Grabbing the closest object at hand
—an antique cheese vat—he hurls it in evident frustration toward the bucolic tapestry adorning the distant wall of a room which, in another time and place, would have served rather nicely as a mead hall. The vat lands short of its mark and smashes to bits on the anvil Rob uses when forging up homemade shoes for the mares.

Rushing from the kiln room, caked to her elbows in wet terracotta, Jan Burr notes the wreckage and looks at her husband quizzically. "Who broke my colby chessel, Rob?" she casually inquires in the soft and musical voice so befitting the unalloyed sweetness that made Midwest in-laws adore her.

Rob blames the incident on Megan, waves Jan back to the pottery wheel (where she's cranking out a dinner-service for 12), and expands his diatribe.

"Can you even remotely comprehend the electrochemical mayhem a bowl of marshmallows can cause?" he demands, poking a slender finger into the breastbone of his visitor, as if to impale him with the question. "And it didn't end there, man. She fed my babies Froot Loops too
—and gummy candies resembling teddy bears."

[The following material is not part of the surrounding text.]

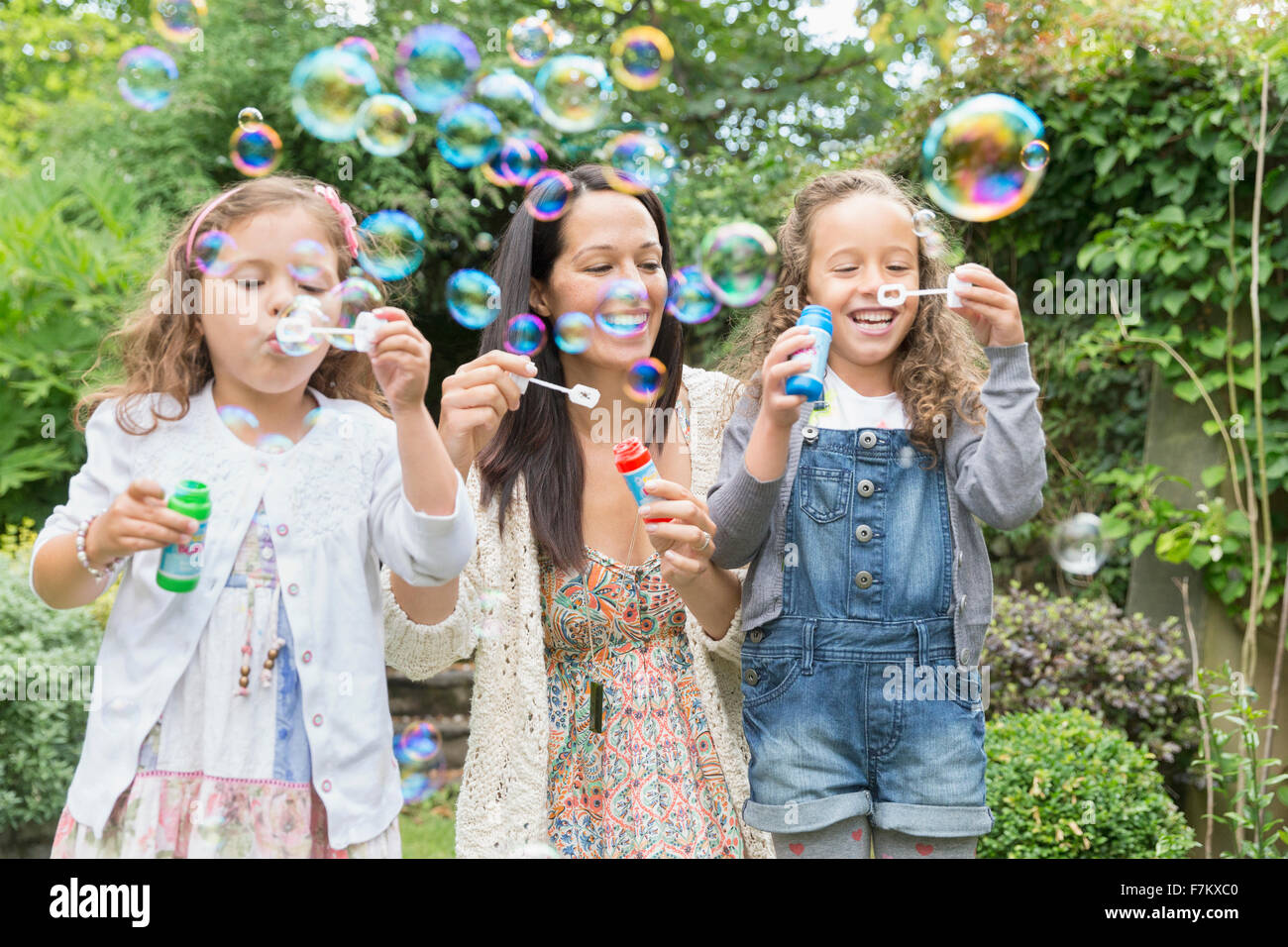 La madre e le figlie a soffiare bolle nel cortile posteriore Foto Stock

He drops like a shop rag to the hand-hewn oaken floor and, rending in twain his Guns N' Roses T-shirt, shrieks, "Oh, the horror! The horror!"

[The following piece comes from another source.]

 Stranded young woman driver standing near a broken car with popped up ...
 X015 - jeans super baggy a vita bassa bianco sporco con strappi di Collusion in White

Meanwhile, in Michigan, Susan Elizabeth (Burr) Beemer, the nefarious sister in question, produces the lengthy legal document cataloging her brother's copious complaints and expectations for redress to the tune of $1.25 million.

"Rob must think I make quite a bit more than five-fifty an hour working the bra bar at Hudson's," she says with an air of amusement. "And I love the part where he claims the girls came down with attention deficit disorder from watching our Back to the Future video and playing Sega with their cousin Daniel. It was Aladdin, for godsake! Had I known Rob was going to sue me I'd have loaded up Mortal Kombat."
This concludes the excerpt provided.